*Task prompt*:
Filter this data down to the lines that hold "Light", and copy them.

+---+

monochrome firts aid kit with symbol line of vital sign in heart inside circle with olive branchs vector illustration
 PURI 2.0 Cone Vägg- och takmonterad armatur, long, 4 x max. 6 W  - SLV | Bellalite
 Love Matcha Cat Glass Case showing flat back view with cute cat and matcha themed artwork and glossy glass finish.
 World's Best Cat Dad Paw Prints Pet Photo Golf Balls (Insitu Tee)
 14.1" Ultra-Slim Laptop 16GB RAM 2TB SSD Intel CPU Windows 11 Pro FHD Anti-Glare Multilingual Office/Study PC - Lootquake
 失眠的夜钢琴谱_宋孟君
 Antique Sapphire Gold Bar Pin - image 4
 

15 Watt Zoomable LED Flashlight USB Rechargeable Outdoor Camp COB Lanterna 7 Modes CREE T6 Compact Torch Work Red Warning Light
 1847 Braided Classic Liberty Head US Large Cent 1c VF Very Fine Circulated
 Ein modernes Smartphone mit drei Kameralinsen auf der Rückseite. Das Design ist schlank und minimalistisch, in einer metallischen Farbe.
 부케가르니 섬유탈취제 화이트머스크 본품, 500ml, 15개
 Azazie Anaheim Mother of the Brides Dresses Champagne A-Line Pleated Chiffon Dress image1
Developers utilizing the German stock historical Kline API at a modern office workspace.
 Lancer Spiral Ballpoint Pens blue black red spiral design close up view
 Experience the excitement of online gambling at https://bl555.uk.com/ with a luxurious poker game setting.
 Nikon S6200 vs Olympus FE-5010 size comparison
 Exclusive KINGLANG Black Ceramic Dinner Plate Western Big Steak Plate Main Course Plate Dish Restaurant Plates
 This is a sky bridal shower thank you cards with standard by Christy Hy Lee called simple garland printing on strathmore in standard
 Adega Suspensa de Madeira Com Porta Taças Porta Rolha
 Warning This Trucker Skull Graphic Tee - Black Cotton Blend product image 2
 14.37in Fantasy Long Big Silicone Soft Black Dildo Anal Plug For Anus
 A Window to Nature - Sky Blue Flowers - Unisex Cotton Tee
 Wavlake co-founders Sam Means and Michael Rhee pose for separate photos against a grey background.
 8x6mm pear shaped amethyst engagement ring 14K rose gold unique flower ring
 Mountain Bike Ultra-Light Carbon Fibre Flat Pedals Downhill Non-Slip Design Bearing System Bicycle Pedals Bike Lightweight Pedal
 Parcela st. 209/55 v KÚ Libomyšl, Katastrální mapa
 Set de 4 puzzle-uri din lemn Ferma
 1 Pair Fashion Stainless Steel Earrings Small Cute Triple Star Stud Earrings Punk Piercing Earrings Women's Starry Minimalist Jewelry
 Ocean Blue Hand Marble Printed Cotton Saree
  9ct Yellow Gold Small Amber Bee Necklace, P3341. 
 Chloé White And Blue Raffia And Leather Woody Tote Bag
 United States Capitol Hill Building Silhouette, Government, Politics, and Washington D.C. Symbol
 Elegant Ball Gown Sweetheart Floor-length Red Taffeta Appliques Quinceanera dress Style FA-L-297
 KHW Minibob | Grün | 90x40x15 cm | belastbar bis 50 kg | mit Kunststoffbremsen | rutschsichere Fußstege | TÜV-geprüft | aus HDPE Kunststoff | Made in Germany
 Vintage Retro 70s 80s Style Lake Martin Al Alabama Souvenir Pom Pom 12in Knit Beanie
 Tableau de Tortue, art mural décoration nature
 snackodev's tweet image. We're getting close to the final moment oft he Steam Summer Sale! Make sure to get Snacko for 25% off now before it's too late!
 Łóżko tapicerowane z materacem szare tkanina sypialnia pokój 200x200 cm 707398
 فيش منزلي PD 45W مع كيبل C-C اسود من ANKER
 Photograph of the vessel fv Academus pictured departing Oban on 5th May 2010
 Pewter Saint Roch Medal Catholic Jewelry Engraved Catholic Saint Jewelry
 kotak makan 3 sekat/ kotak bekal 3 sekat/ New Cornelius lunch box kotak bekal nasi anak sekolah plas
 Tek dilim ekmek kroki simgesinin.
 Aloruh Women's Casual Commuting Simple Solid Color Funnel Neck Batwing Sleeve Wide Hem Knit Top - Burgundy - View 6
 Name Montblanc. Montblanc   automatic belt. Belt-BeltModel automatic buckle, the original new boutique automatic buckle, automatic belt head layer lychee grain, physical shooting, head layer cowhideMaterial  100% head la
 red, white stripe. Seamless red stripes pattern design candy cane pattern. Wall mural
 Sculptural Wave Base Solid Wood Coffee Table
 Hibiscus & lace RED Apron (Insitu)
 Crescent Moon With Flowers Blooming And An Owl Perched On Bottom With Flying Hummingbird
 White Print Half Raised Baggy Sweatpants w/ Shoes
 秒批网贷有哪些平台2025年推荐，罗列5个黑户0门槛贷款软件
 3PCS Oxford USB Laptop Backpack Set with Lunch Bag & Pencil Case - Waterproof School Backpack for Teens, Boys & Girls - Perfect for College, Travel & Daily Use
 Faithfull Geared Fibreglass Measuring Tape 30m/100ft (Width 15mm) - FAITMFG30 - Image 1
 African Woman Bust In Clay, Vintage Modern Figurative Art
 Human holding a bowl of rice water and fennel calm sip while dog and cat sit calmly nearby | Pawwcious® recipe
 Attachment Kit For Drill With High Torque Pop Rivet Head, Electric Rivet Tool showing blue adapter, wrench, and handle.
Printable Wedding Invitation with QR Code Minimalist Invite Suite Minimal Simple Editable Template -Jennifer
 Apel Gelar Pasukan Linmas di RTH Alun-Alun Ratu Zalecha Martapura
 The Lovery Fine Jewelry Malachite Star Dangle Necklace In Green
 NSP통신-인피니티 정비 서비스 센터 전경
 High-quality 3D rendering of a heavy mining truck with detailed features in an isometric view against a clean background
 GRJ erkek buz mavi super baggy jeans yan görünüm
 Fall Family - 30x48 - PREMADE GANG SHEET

+---+

*Written response*:
15 Watt Zoomable LED Flashlight USB Rechargeable Outdoor Camp COB Lanterna 7 Modes CREE T6 Compact Torch Work Red Warning Light
 Mountain Bike Ultra-Light Carbon Fibre Flat Pedals Downhill Non-Slip Design Bearing System Bicycle Pedals Bike Lightweight Pedal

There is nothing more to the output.